According to Benjamin Paul, your method forms the basis of a subtle struggle with the dialectical role images play in mediating history.
Benjamin did a beautiful job of framing and articulating that objective in my work.
There is a constant referencing with politics, revolution, war: but one can feel the uncertainty of the subjects, as if you were trying to create an ambiguous environment?
Yes, I am interested in creating an ambiguous position, both ideologically and visually, as a liberation from news media’s highly skilled and produced, but propagandistic and overly-determined material.
Your latest works part from mass-market media, but you don’t seem to oversee the content of the images you are using for your pieces. They become part of the discourse. Can you elaborate?

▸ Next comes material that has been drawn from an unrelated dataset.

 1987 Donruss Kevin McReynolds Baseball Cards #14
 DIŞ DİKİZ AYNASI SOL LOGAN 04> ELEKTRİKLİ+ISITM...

I am interested in taking relatively few from the constant flood of information-driven images and shifting their terms in such a way that a space is opened for a heartfelt (both haptic/sensual and moving), contemplative, ambiguous, and relatively ambivalent experience. I’m not out to make a point, but rather to create a space for experience and discourse.

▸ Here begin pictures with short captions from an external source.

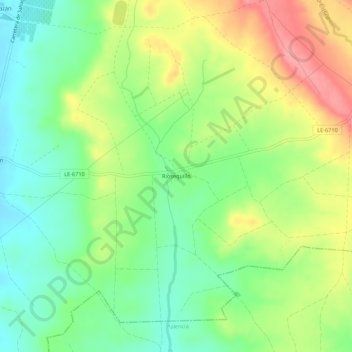Mapa topográfico Riosequillo, altitud, relieve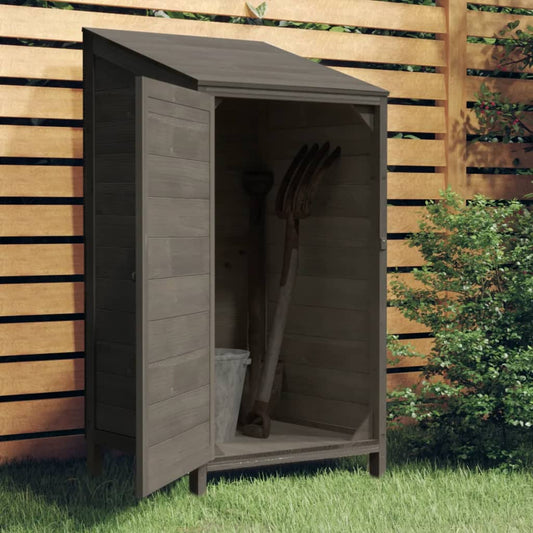 Garden shed anthracite 55x52x112 cm solid spruce wood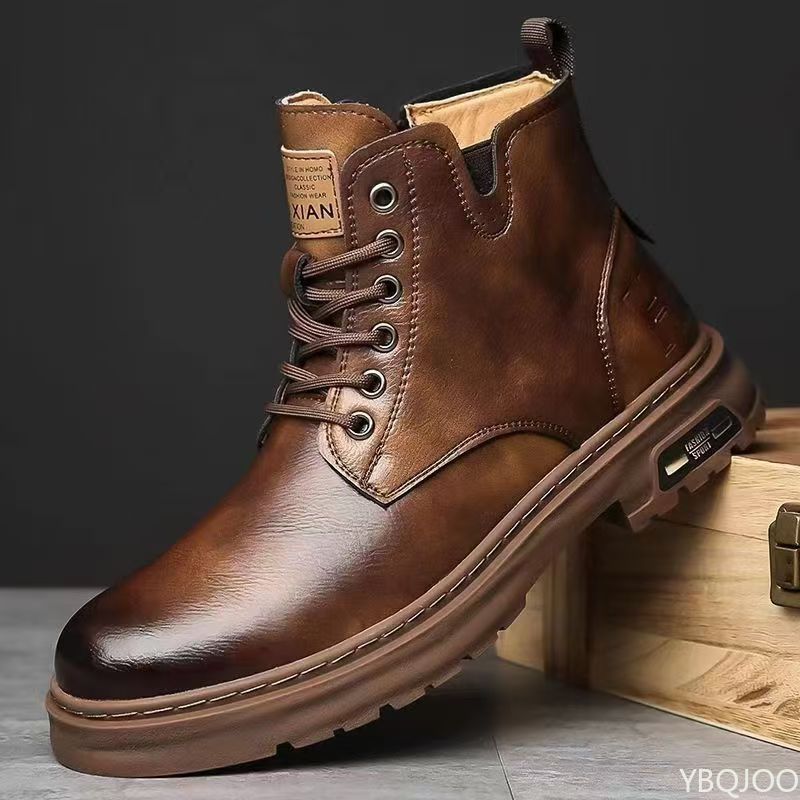 Chaussures montantes pour homm - Guipure Lace Panel avis et prix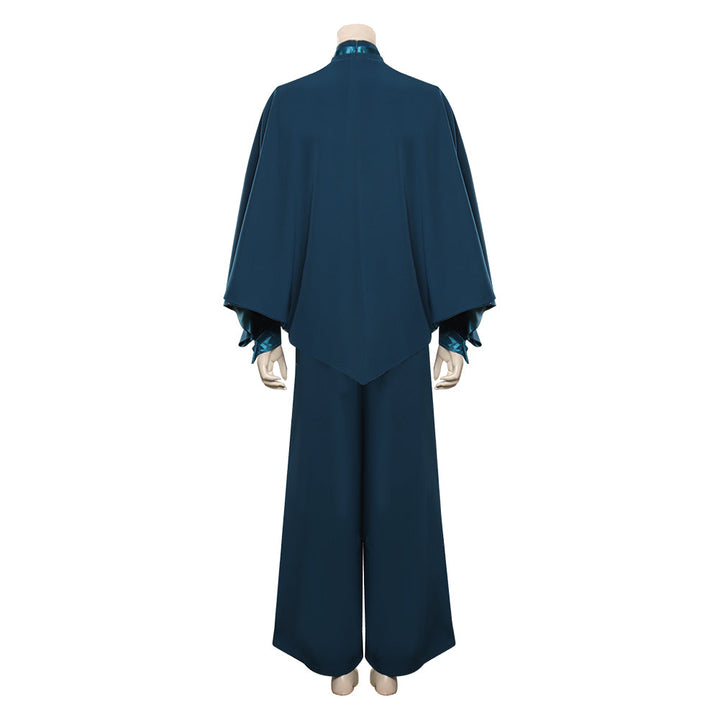 Breha Organa Teal Wide-Leg Jumpsuit Cosplay Costume From Yicosplay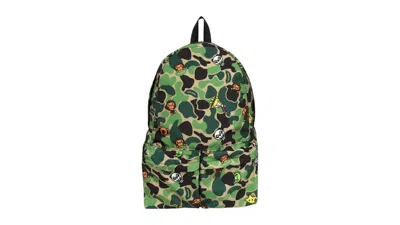 Pre-owned Bape Baby Milo Large Bucket Backpack In Army Green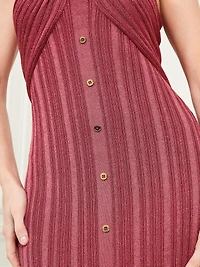 Gia Halter Lurex Dress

These techniques go hand-in-hand with the idea behind your work: that something in the real world is out of focus.
Out of focus and destabilized, breaking apart. And vibrating!
In your latest work, one can sense that there’s something else taking place beneath the image being presented. There’s noise, a lot of interference, and one gets the sensation that something is amiss.

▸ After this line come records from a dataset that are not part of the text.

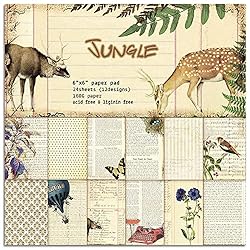 DESEACO Vintage Woodland Creature Cute Decopodge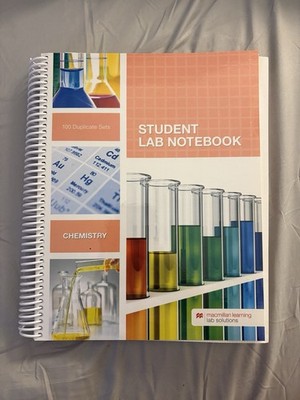 Macmillan Learning, Chemistry Student Lab Notebook (Excellent Condition)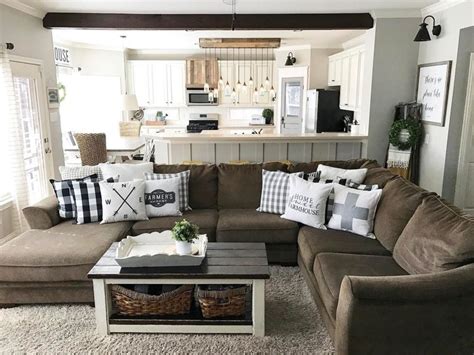 40 Comfy Farmhouse Living Room Design Ideas Ackerley News Brown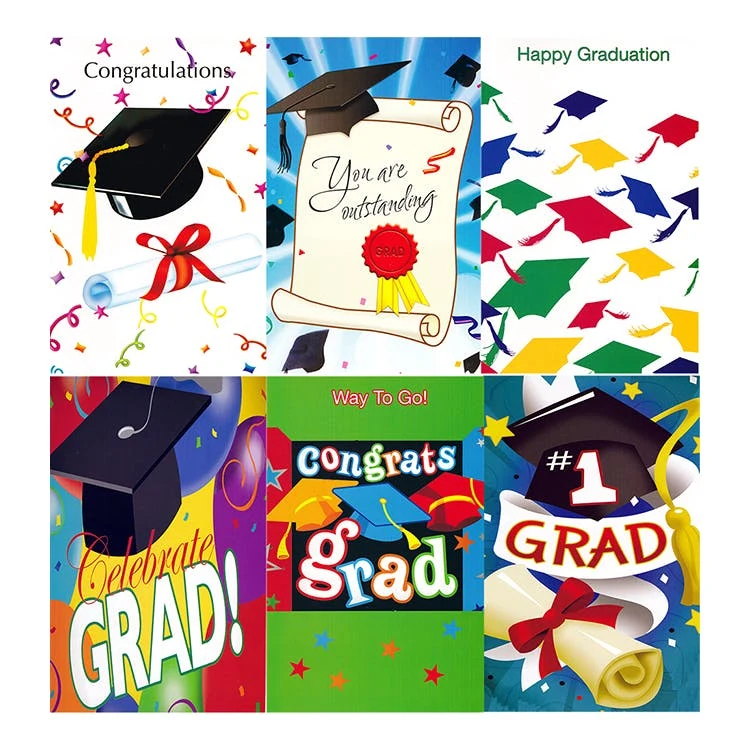 Graduation Cards - Assorted 5"x7.75" 1
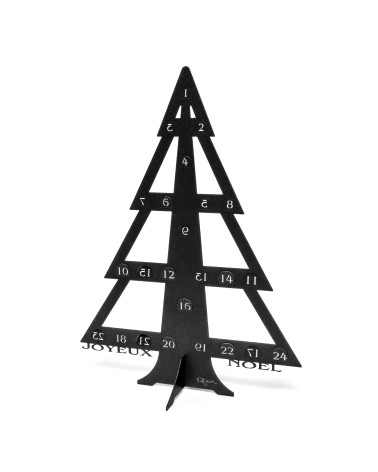 Calendrier de l'Avent métal – Sapin avec pochons réutilisables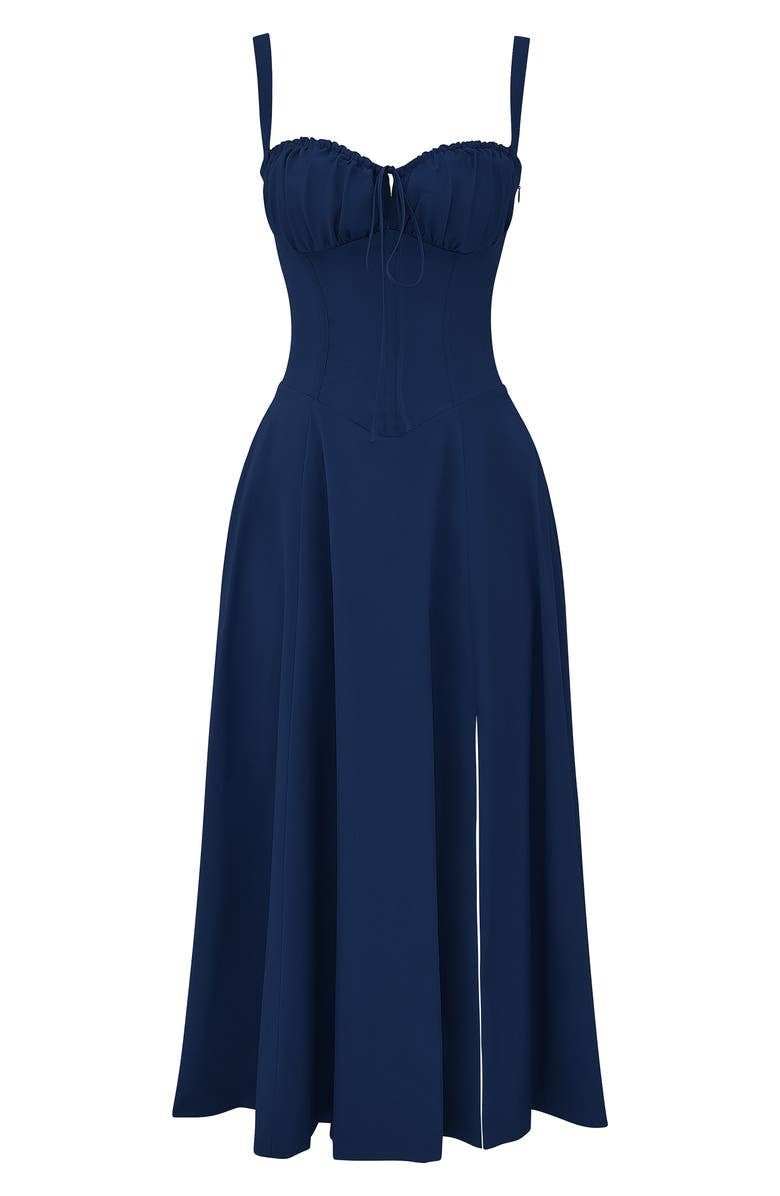 Alessia – Corset Midi Dress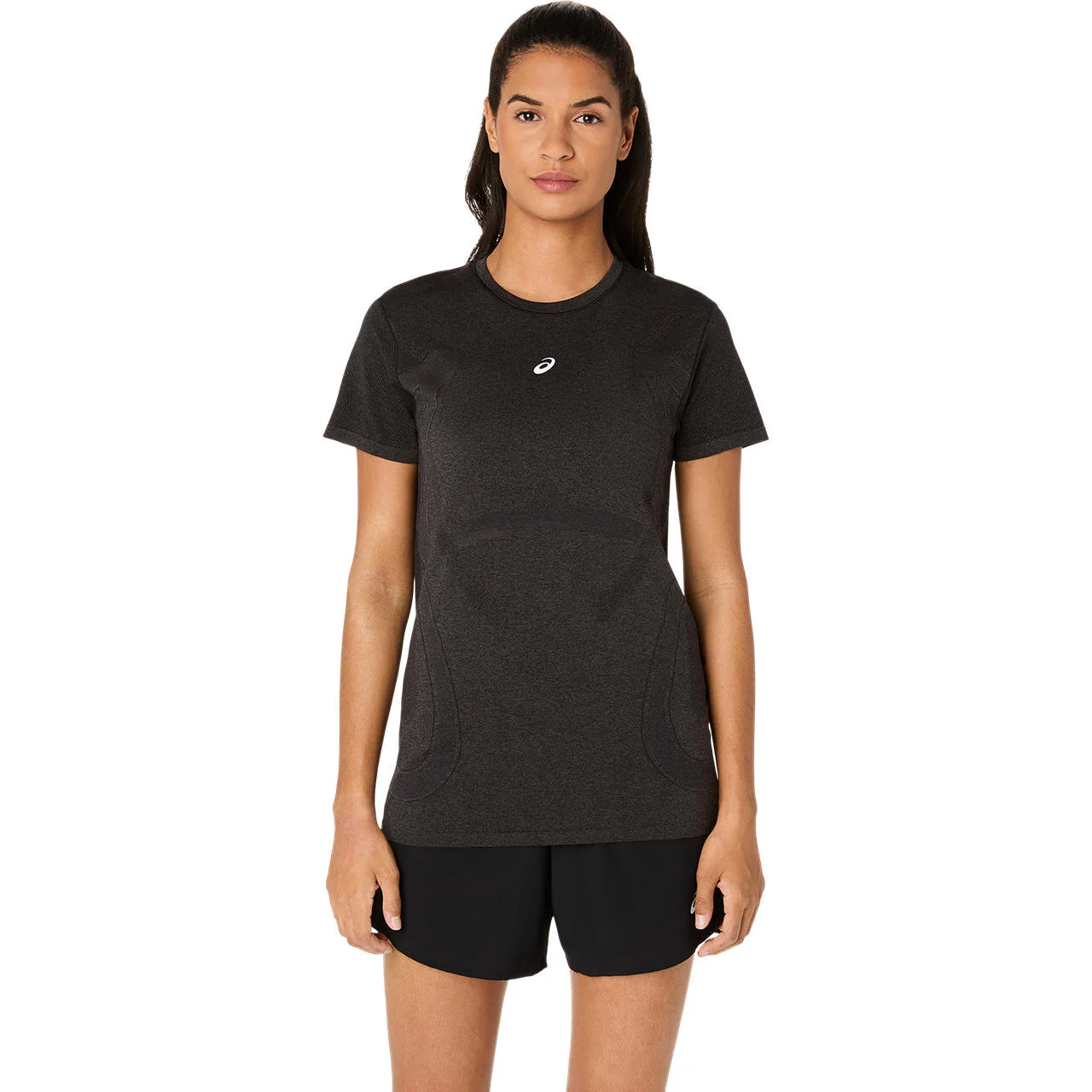 ASICS ROAD SEAMLESS SS TOP - BLACK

Yes, I am investing these very flat, fast images produced by corporate culture with an appropriately elegiac condition.
Do you explore the phenomenon of multiplicity, and why is it important to you?
A higher order and integration are achieved through contradiction, conflict, and the softening or dissolution of boundaries between forms.
In what way is your work related to that of Miguel Angel Rojas?
Meaning is attained both through process and material means, in Miguel Angel’s work and my own. We are both interested in opening up spaces for feeling, contemplation, and analysis.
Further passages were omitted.